形式的には筋が通っているように見えます。
けれど、歴史的に魔女狩りが起きたのは「新約の時代」です。
聖書の影響が完全に無関係とは言い切れません。
ここで単純に「聖書が悪い」「キリスト教が悪い」と断じてしまうと、すぐに文明の衝突や宗教戦争の構図に陥ってしまう・・・というのが東郷先生の問題意識です。
善悪二元論に支配された社会では、「原因は聖書だ」と述べた瞬間に、「だからキリスト教は悪だ」「潰せ」という話に飛び火するからです。
これでは「新たな対立と憎しみ」を生むだけで、何の解決にもなりません。
そこで先生は、
「責任がある/ない」という善悪の裁き方ではなく、
「これは聖書の誤読が原因」という新たな視点を導入されています。
聖書そのものを否定するのではなく、あくまでも「読み方の誤りが悲劇を生んだ」と、整理の仕方を切り替えるのです。
こうすることで、対立を煽らずに、問題の根幹に踏み込む道を探られようとされています。
2 エデンの園を地獄に変えたのは誰か──善悪二元論という「心理トリック」
議論の核心は、創世記のごく最初に登場する「善悪の知識の木」の場面です。
神はエデンの園のすべての木の実を食べてよいとしながら、
「善悪の知識の木からだけは食べてはならぬ」とお命じになられました。
従来の一般的解釈では、アダムとイヴが蛇にそそのかされてこの実を食べたことで「神に背いた罪」を負い、人類は「原罪」を持つ存在になった、とされてきた場面です。
しかし、ここには大きな矛盾があります。
神は「全知全能」で「無限の愛」を持つ完璧かつ完全無欠の存在と規定されています。
そうであれば、何も知らない幼子のような人間の目の前に、あえて魅力的な実を置いておき、「食べるな」とだけ告げて目を離した神の側にも、責任があるように見えてしまうからです。

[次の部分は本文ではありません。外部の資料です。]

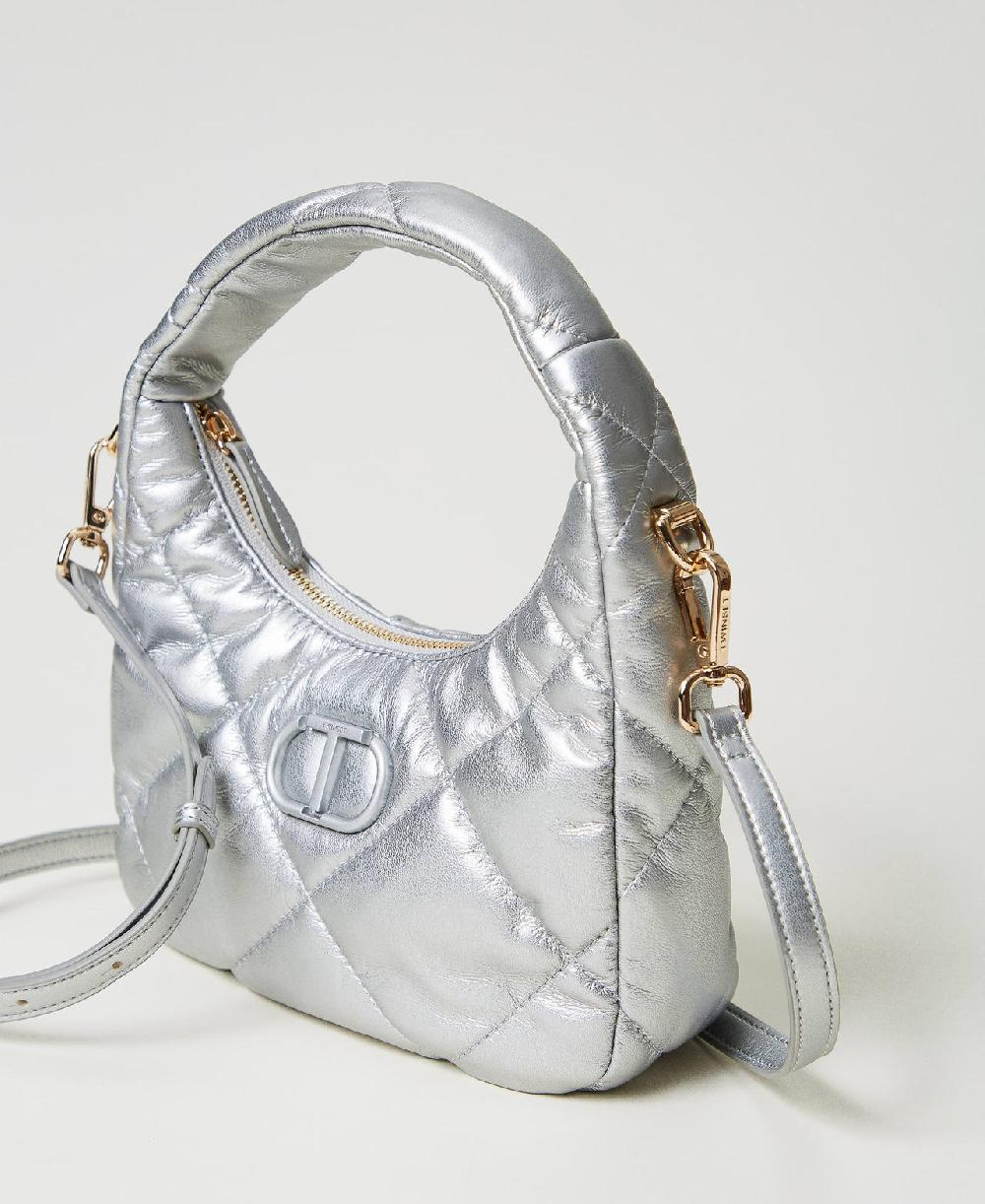 Scee by twin set Borsa hobo piccola quilted imbottita In Vendita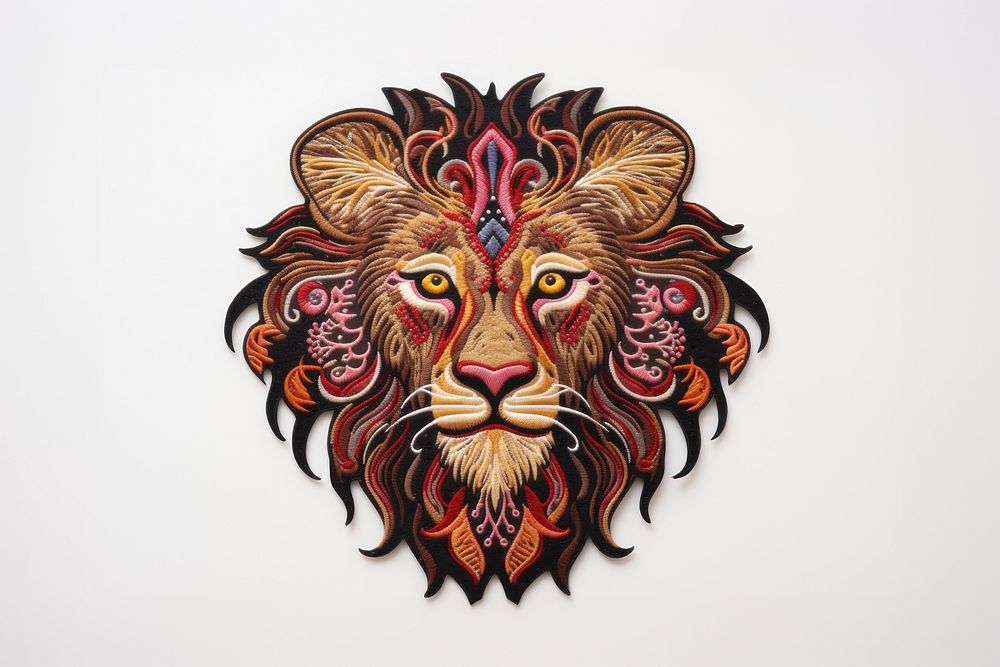 Mammal animal lion art.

子どもの前にお菓子を置いておき、食べたら家から追い出す親がいたのなら、それは愛ではなく虐待です。
ここを転換するために東郷先生は、
「善悪の実」を、「人間が作り出した心理トリックの集合体」として読み替えます。
善悪二元論は、「あいつは悪だ」と決めた瞬間に、相手を攻撃することが正義になる、という思考の罠です。

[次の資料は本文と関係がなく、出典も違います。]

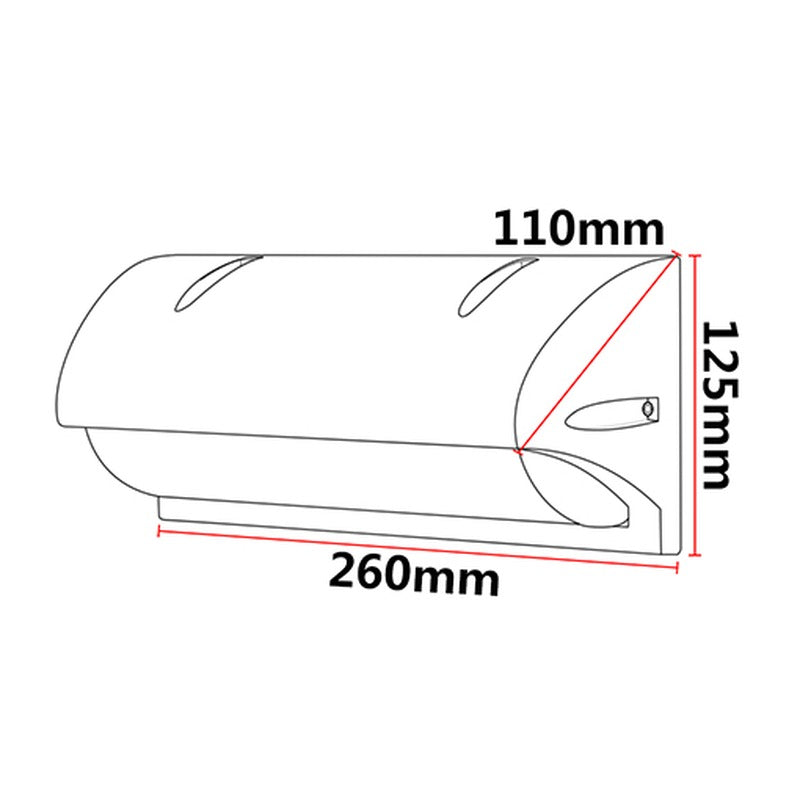 Applique murale extérieure LED KAZASHIELD A30 – 12 W – vue 6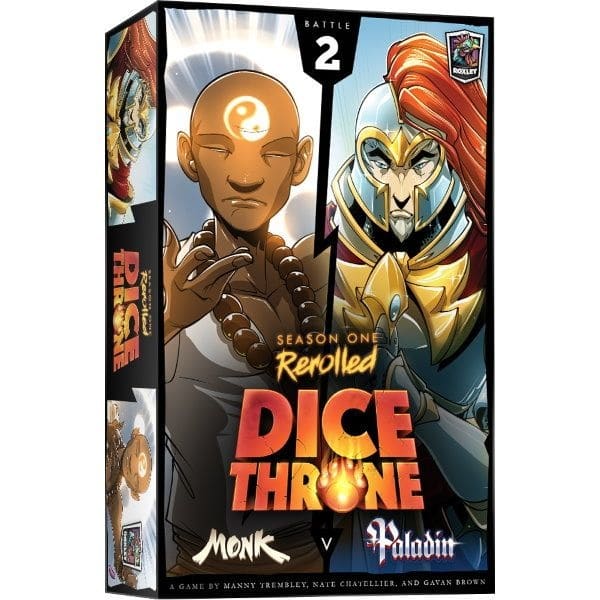 Dice Throne Season One ReRolled - Monk vs Paladin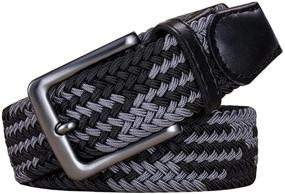 img 1 attached to AGEA Elastic Stretch Woven Braided Women's Accessories in Belts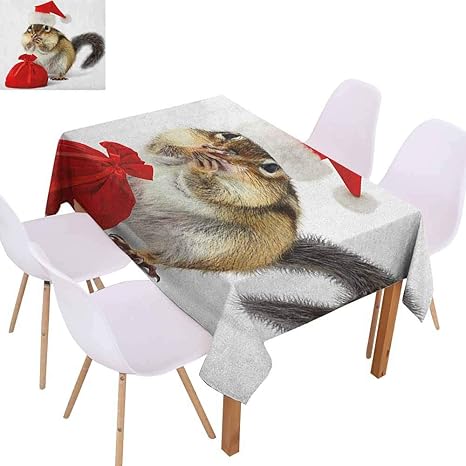 Amazon ポリエステル製テーブルクロス クリスマス 陽気なメリークリスマスイラスト 鳥と雪だるま 楽しい冬のお祝い パーティー ブルーホワイト W50 Xl80 テーブルクロス オンライン通販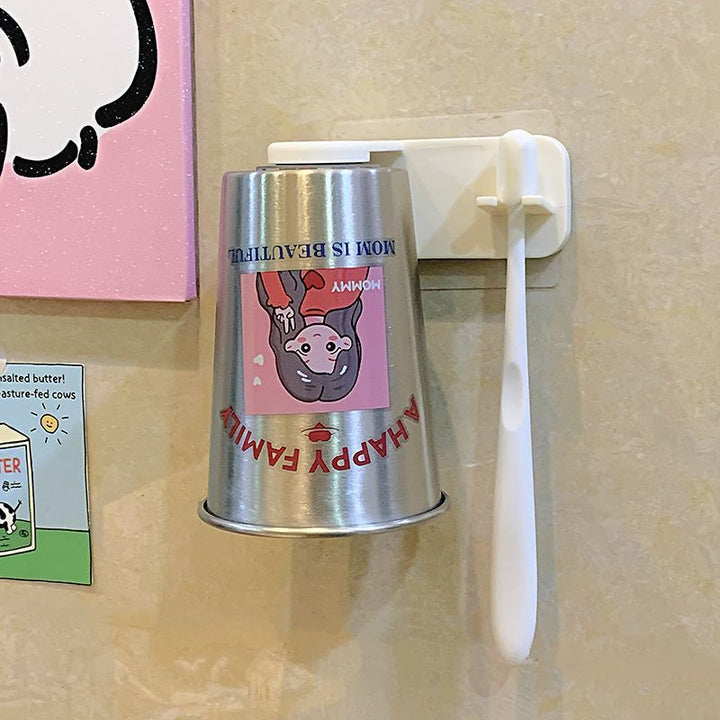 Wall-mounted cup with playful design Kalsten
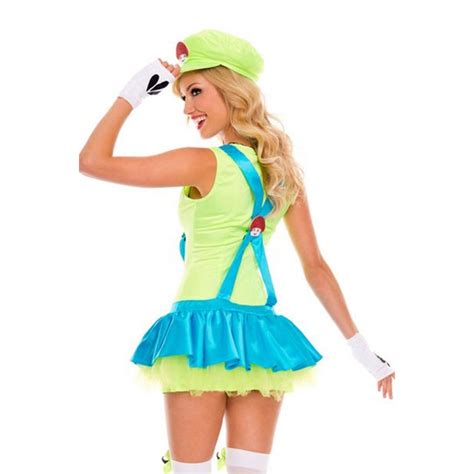 Costume mario bros luigi - deguisement halloween femme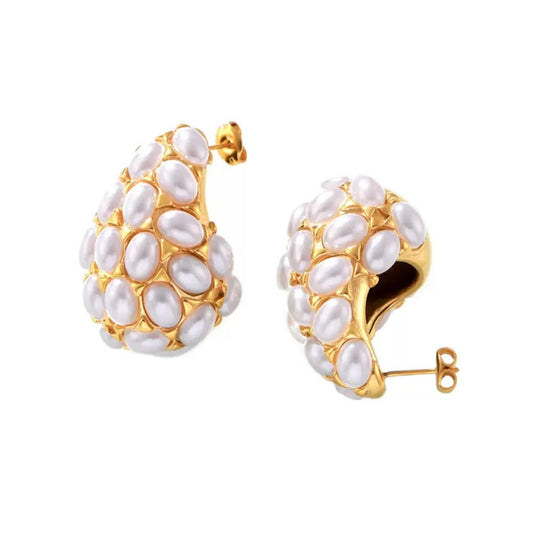 GIOIA Pearl bead earring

自分をごまかし、相手を裁くためのトリックの寄せ集めが「善悪の実」であるのであれば、
神は、
「それを食べるな=その思考法を採用するな」と警告していたのだと解釈できるのです。
この読み方に立つと、
神は人間に怒って追い出したのではなく、
むしろ、
人間が善悪の心理トリックを得ることで、自分たちでエデンの園を地獄に変えた、という構図が浮かび上がります。
神は自由意志を尊重して黙って見守っただけであり、本来そこに深い愛しかないのです。
さらに重要なのは、「善悪の実は吐き出せる」という点です。
東郷先生自身、20年以上かけて「善悪でものごとを判断しない」訓練をされ続けてきたとのことでした。

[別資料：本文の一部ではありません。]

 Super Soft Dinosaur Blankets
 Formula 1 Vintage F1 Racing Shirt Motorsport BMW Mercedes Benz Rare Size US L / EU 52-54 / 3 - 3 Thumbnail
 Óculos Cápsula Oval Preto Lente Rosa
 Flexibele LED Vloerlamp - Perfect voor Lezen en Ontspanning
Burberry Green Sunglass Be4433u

言葉として「善」「悪」を使う場面でも、その背後にどんな心理トリックが潜み得るかを常に意識しているという話には、長年の葛藤と覚悟がにじみます。
人間は一度食べてしまった善悪の実を、もう一度自覚的に吐き出すことができる──ここに、エデンの園を再び取り戻す鍵があるのだと感じます。
3 日本人の「和」と世界の作り替え──誤読を正す役割
この「誤読を正す」という姿勢の背景には、日本人としての原体験も語られました。
第二次世界大戦での焼夷弾や原爆投下、その後も続く空爆や戦争への怒りから、「欧米への強い憤り」が心の奥底に溜まっていたこと。
その感情を直視したとき、「ここでキリスト教や西洋文明を悪と決めつけてしまっては、また同じ憎しみの連鎖を繰り返すだけだ」と気づいたこと。
そこから、「怒りを抑え、相手を肯定する根拠を探す」という、長い内的な戦いが始まったというエピソードは、とても印象的です。
そのとき支えになったのが、日本の「和をもって貴しとなす」という価値観です。
善悪で裁き合うのではなく、
「和」を軸に関係をつくり直していく。
この文化を本気で信じるのなら、聖書やキリスト教も「悪」と切り捨てるのではなく、「誤読」として捉え直し、誤読をほどいていく方向で努力しなければならない。
そこに、日本人としての誇りがあります。
創世記の物語を通じて今回は、
「神の第一の命令は『善悪の実を食べるな』であり、
人類はそれを無視し続けている」
という視点からの読み替えが紹介されました。
このように読み替えることで、聖書全体の意味が180度変わってきます。
エデンの園を、善か悪かという二者択一、
しかも悪と決めたらどこまでもその悪を攻撃して良いとする身勝手によって、
神が作った楽園を地獄に変えたのが人間自身であるなら、
善悪の実を手放すこともまた、人間にできることです。
つまり、再び楽園を取り戻す鍵は、人間の手の中にあるのです。
【所感】
「人が作った地獄なら、人の手で楽園に戻せる」──ここに最大の希望があります。
この末尾の一節は、今回の対談の中でも、もっとも深く、もっとも未来へ開くメッセージだと思います。
エデンの園を失わせたのが、
神の罰ではなく、
人間が「自分でつくり出した善悪という心理トリック」なら、
それは同時に、
「人間が自分で直せる」
という意味だからです。
この視点は、とても日本的で、とても優しい哲学でもあると感じました。
人はときに、自分で壊したものを「神のせい」「運命のせい」「誰かのせい」と外へ押し出しがちです。
けれど、
「人の手で壊したものは、人の手で治せる。
だから、人の世に絶望はないのです。
再び楽園を取り戻す鍵は、人間の手の中にあります。
これは、希望であると同時に、責任の宣言でもあります。
その責任は、重荷ではなく、むしろ人間への信頼と可能性に満ちた責任です。
● 神に依存するのではなく
● 誰かを責めるのでもなく
● 自分たちの手で世界を作り替えていく
そんな未来を見据えた、大人としての責任です。
これは、日本文化の根幹にある、知らすの思想や、和の文化と完全に共鳴する思考です。
神は裁かない。
人間同士の、善悪の裁き合いが、世界を地獄に変えてきたのです。
この構造を手放すことで、世界は自然に和へと還ることができます。
人は、本当はもっと優しい生き物です。
それがこの最後のメッセージで、静かに花開いているように感じました。
● 善悪二元論も、人間の恐れが生んだもの
● ならば、恐れを手放せば、響き合いが戻る
● 世界を壊したのが人間なら、世界を癒すのも人間
これは、決して大きな視野ではありません。
一人ひとりの心の手のひらに乗る小さな理解であり、優しさです。
「神が罰した」のではなく、
「人が心理トリックを採用して世界を地獄化した」のなら、
「楽園」を取り戻す力も、人の手の中にあるのです。
これは宗教を超えて、文化を超えて、人類すべてにとっての希望の言葉です。
そして何より、我々日本人の、普遍の祈りであり、思想であり、人生であるのだと思います。